Q. How about the composition? The strings are powerful, and just like the title, it made me want to look up at the stars on a cold winter night.
A. Thank you very much. As far as the season, I did decide to make it a wintery song. Winter has a dignified feel. And the air is dry, so you can see the stars well. When I started making the song, I thought "what exactly is the winter of my memories?" And the first thing that came to mind was looking to the sky as a kid and seeing some really pretty stars, and finding Orion among them. That glittering Orion was the first constellation I ever recognized. It was a really impactful moment for me, so it's stuck with me all this time. Thus, digging around in my head with the keyword "winter" made "Orion" come up right away, which became the motif I went with.
Q. Now the second track, Lullabye Goodbye, has a completely different style from "orion." It expresses splintered feelings and anger, and has an air of unrest.
A. This song really warrants explaining, because... well, it's rather bitter, isn't it. (laughs) It's not really about being angry, but... hmm, maybe just not trusting people. In fact, that's always been a fundamental driving force for me. There's a part of me that doesn't much trust other people. I don't want to be anyone's ally. By not allying with anyone, I want to be kind to everyone. Especially in the past, I've lived my life thinking that way... I feel like I'll trust people in order to not trust people, or not trust people in order to trust people. That's my basic theory. I made that "engine" for myself when I was a child.
Q. I see.
A. It definitely holds a strong influence even now, and part of me still uses it as energy to make music. Which is why after making "orion," I needed to make a song like this to even things out.
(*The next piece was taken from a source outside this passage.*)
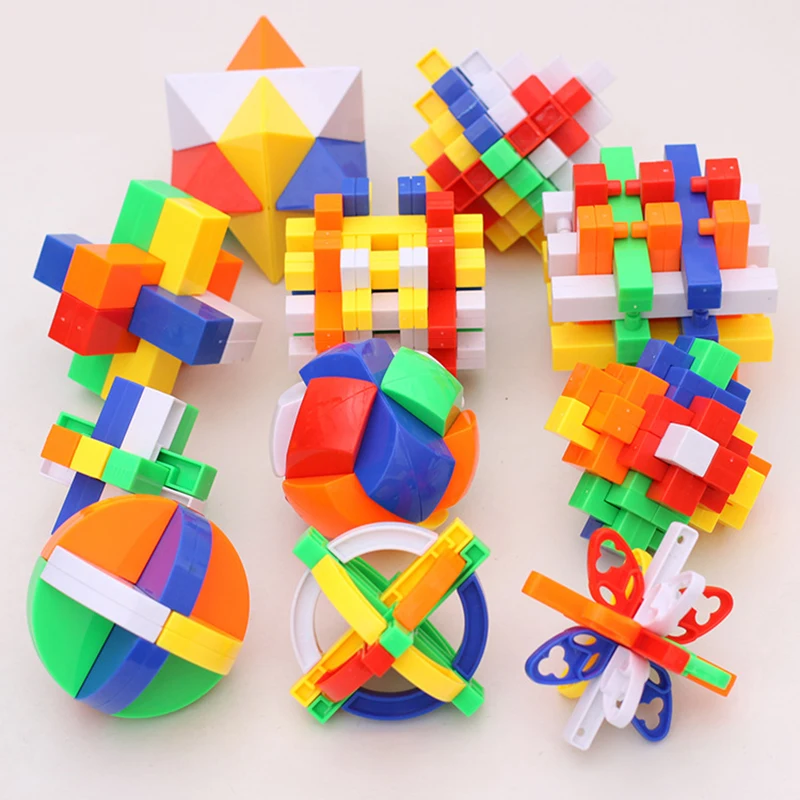 Родитель ребенок ABS пластик Любань блокировка отверстия пазл с замком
Q. So how do you feel about your balance between what you seek, what you want to make, and what you should make?
A. I'm moving sort of aimlessly in that regard. Maybe I should strike a balance, or maybe I shouldn't strike a balance. For instance, "orion" is a song for March Comes In Like A Lion. It's derived from that story, its characters, its art. There isn't much of what I personally want to do or my ego in there, and even if there were, it'd just be sneaking in where it can manage to sneak in. At least at present, I feel like I'm keeping a balance.
Q. I suppose so. In doing it this way, your music feels transitory, while also shining beautifully with intense emotion.
A. That's how music is able to easily move people. Sometimes the influence a 2-hour movie can have on your life, music can do in 5 minutes. But it's a very dangerous thing. I mean, there's tons of garbage music. Children will listen to that music and get deceived just like that. And in a way, I'm supporting this deceit. Right... so that's why you need to earnestly engage in childish deceit. It might sound awfully negative to talk about deceiving people, but I think that's just what music is.
Q. You have a point.
A. I always think this when I'm writing lyrics: "Poetic expressions and lies have a lot in common." I mean, fantasy is lies, isn't it? Making up a fantastical world sometimes highlights the vague reality we live in.
A. "Lying can save people." That's why I need to be really attuned to those lies. It's a serious duty I'm responsible for. It's like, say there were a god of music inside of me - if that god says "I want to go over there," I have to be ready to serve them with all my might in heading that way. I don't want it to sound frivolous, but I have a lot of affection for music. At least speaking for myself, I think I'll keep earnestly engaging in "childish deceit."